Technology groups including Microsoft, Apple, Amazon, Google, and Dell have written to Union Minister Ashwini Vaishnaw to express their concern about the recommendations of the joint committee of parliament on India’s data protection bill, according to a report by the Economic Times.

They said the recommendations run counter to global standards and asked Meity to launch additional stakeholder consultations before introducing the bill. Their key concerns are around the inclusion of non-personal data in the bill’s scope, restrictions on cross-border data transfers, data localization obligations, and mandatory certification for IoT hardware and AI software. The companies also claimed that the committee’s recommendation to develop an indigenous alternative to the international SWIFT banking system will have a detrimental impact on India’s digital payments ecosystem.

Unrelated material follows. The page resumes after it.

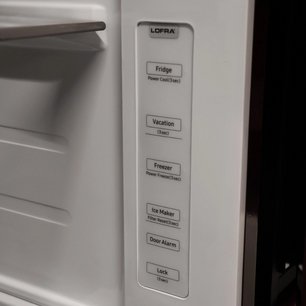 Холодильник Lofra GFRNM 918/R BRONZE фото 4 в Новосибирске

Infosys considers strategy of growth through acquisition

After years of growing organically, Infosys is considering a strategy of growth through acquisition, CEO Salil Parekh told Busienss Today. The company will look to expand through acquisition in some geographies and verticals, Parekh said. He mentioned his interest in deepening the company’s cloud capabilities.

Infosys has a strong presence in North America but needs to expand in Eastern Europe and Australia, one analyst told BT. Another pointed out that past Infosys buyouts have been capability-based, pointing to how its acquisitions of Fluido, Brilliant Basics, Simplus, Stater, and Blue Acorn have given it a start in the automotive industry.